When you apply a parser it returns a tuple containing the parsed value and a string representing the rest of the input. If you look at item for example, the second element of the tuple will be xs which is the tail of the input string (i.e. a string containing all characters of the input string except the first). This second part of the tuple will be what's fed as the new input to subsequent parsers (as per [(v,out)] -> parse (f v) out), so that way each successive parser will take as input the string that the previous parser produced as the second part of its output tuple (which will be a suffix of its input).

In response to your comments:

When you write "p = item >>= \x -> return x", is that the equivalent of just the first line "p = do x <- item"?

No, it's equivalent to the entire do-block (i.e. do {x <- item; return x}). You can't translate do-blocks line-by-line like that. do { x <- foo; rest } is equivalent to foo >>= \x -> do {rest}, so you'll always have the rest of the do-block as part of the right operand of >>=.

but not how that reduces to simply making 'out' available as the input for the next line. What is parse doing if the next line of the 'do' parser is a the item parser?

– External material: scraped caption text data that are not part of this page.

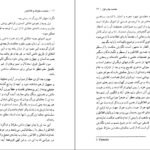 دانلود کتاب شاهکار‌های افلاطون در حکمت سقراط محمدعلی فروغی ۴۷۵ صفحه PDF
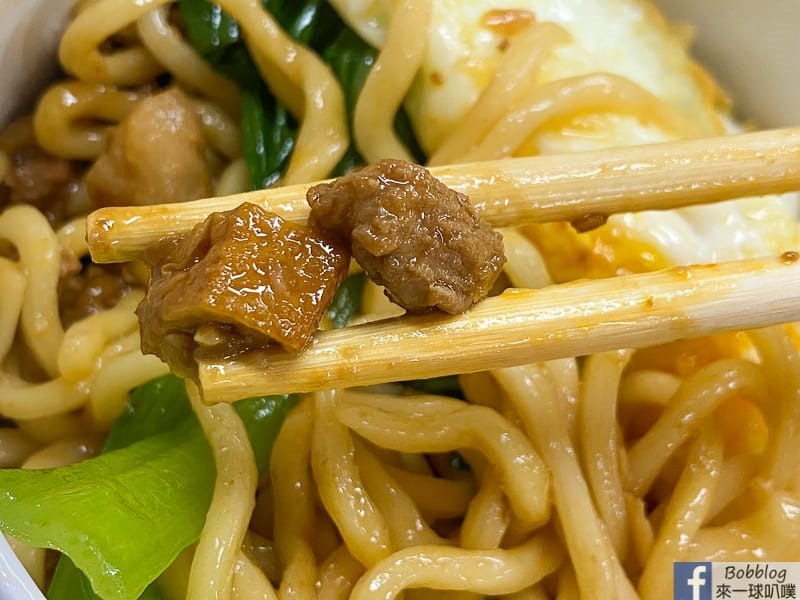 goat-noodle-10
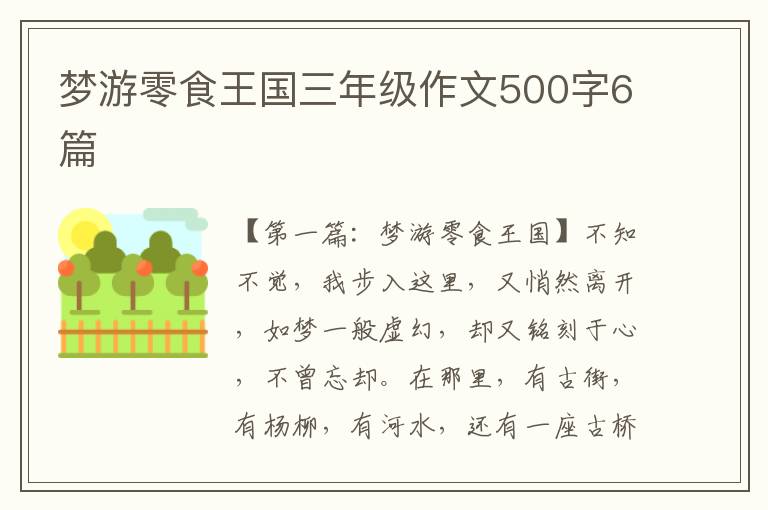 梦游零食王国三年级作文500字6篇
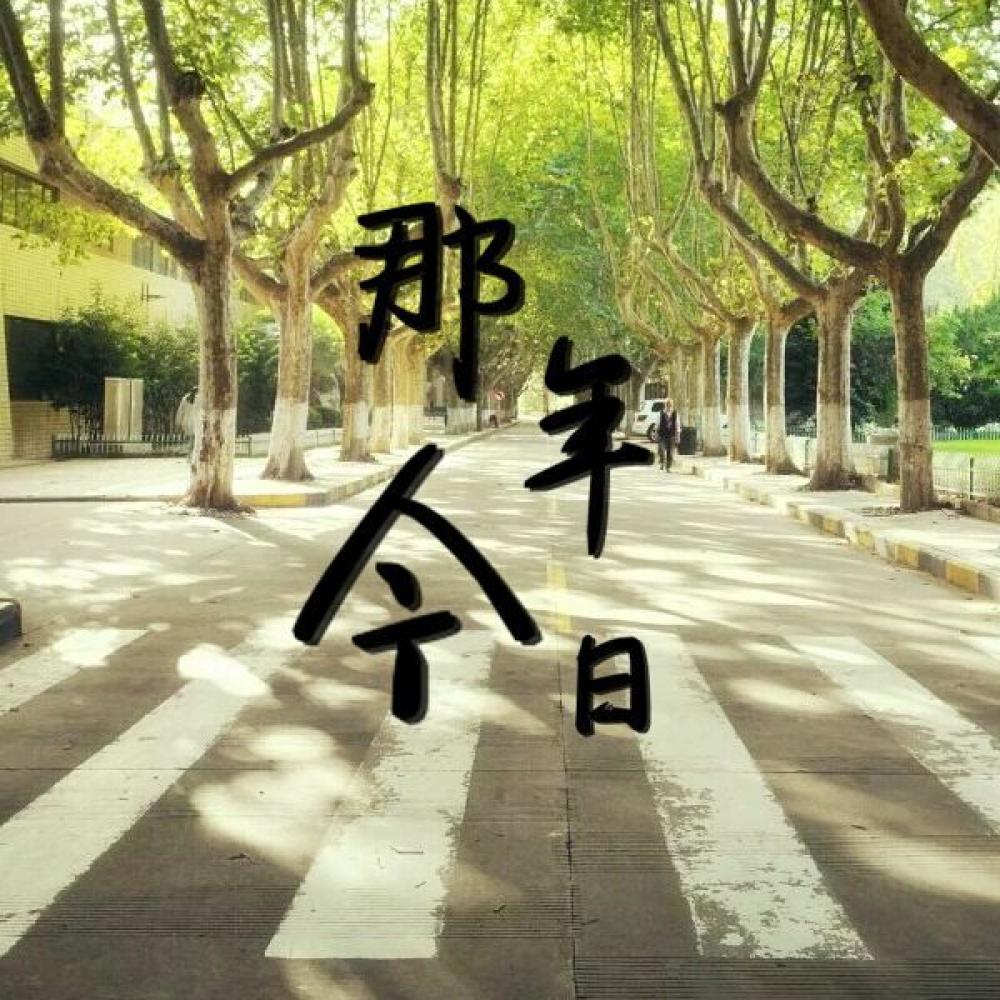我们的我们 (伴奏)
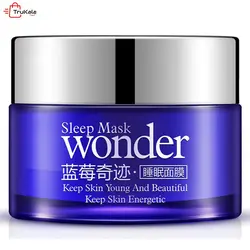 کرم تخصصی جوانساز زغال اخته بیوآکوا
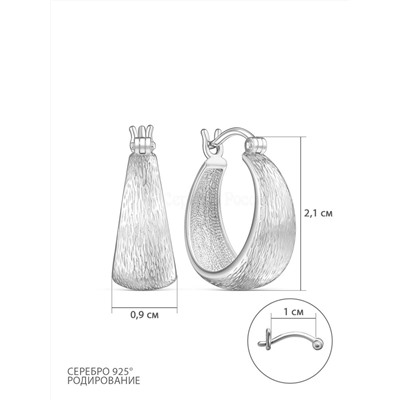 Серьги из серебра родированные 925 пробы с50143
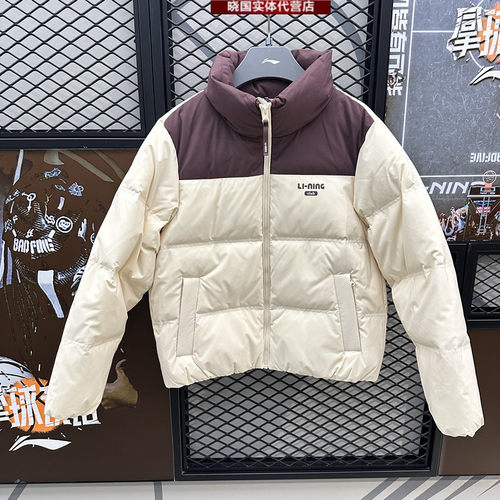 李宁羽绒服女子舒适保暖外套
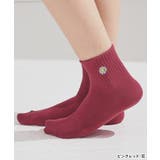 靴下 ソックス ショート丈 | Honeys | 詳細画像13 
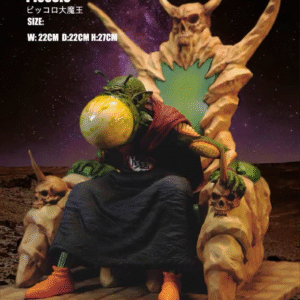 Dragon Ball Z - Piccolo - Model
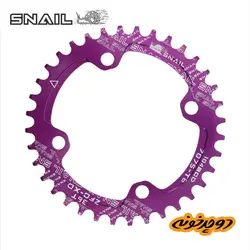 سینی طبق مثبت منفی Snail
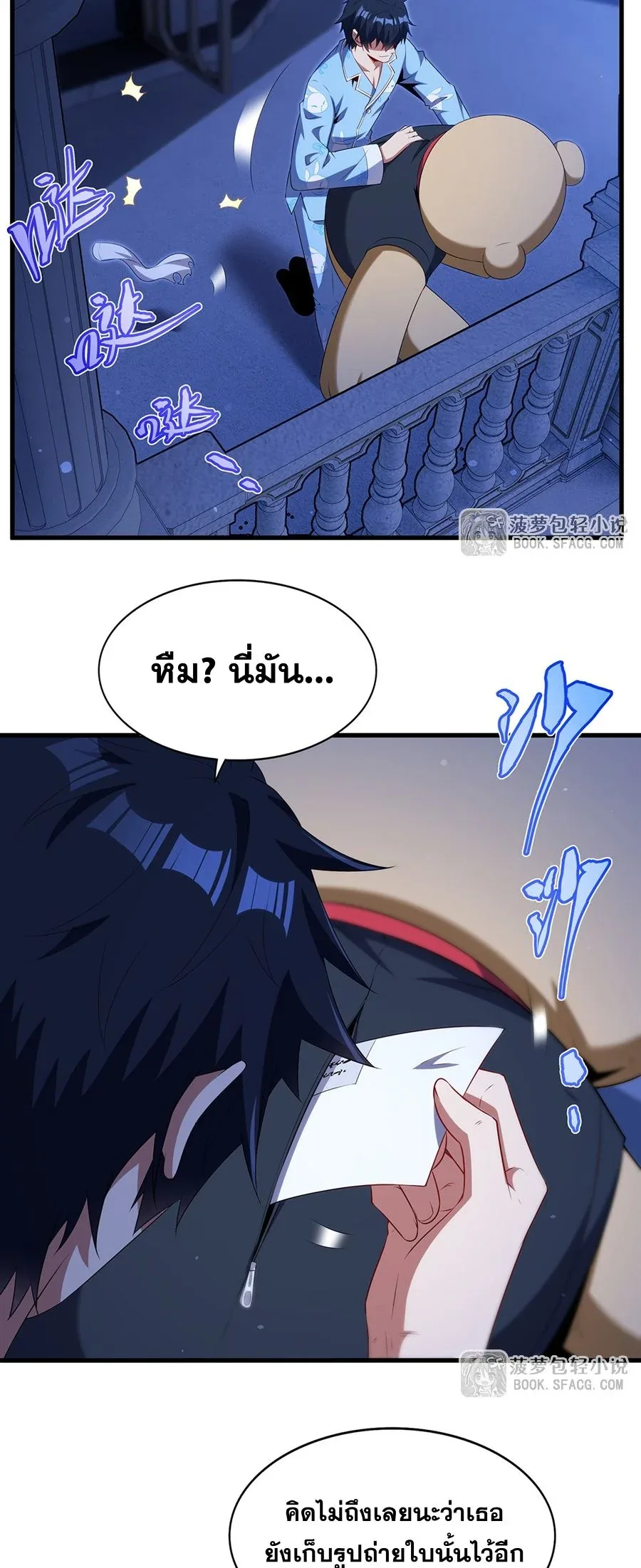 Shut Up, Evil Dragon, I Don’t Want to Raise a Child With You Anymore หุบปากซะยัยมังกรชั่วร้ายข้าไม่อยากมีลูกกับเจ้าอีกแล้ว ตอนที่ 85 หน้า 3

Let's walk through an example where we invoke item twice (this is like your p, but without the middle item). In the below I'll use === to denote that the expressions above and below the === are equivalent.

do x <- item
   y <- item
   return (x, y)
=== -- Desugaring do
item >>= \x -> item >>= \y -> return (x, y)
=== -- Inserting the definition of >>= for outer >>=
\inp -> case parse item inp of
             [] -> []
             [(v,out)] -> parse (item >>= \y -> return (v, y)) out

Now let's apply this to the input "ab":

case parse item "ab" of
     [] -> []
     [(v,out)] -> parse (item >>= \y -> return (v, y)) out
=== Insert defintiion of `parse`
case item "ab" of
     [] -> []
     [(v,out)] -> parse (item >>= \y -> return (v, y)) out
=== Insert definition of item
case ('a', "b") of
     [] -> []
     [(v,out)] -> parse (item >>= \y -> return (v, y)) out
===
parse (item >>= \y -> return ('a', y)) out

Now we can expand the second >>= the same we did the fist and eventually end up with ('a', 'b').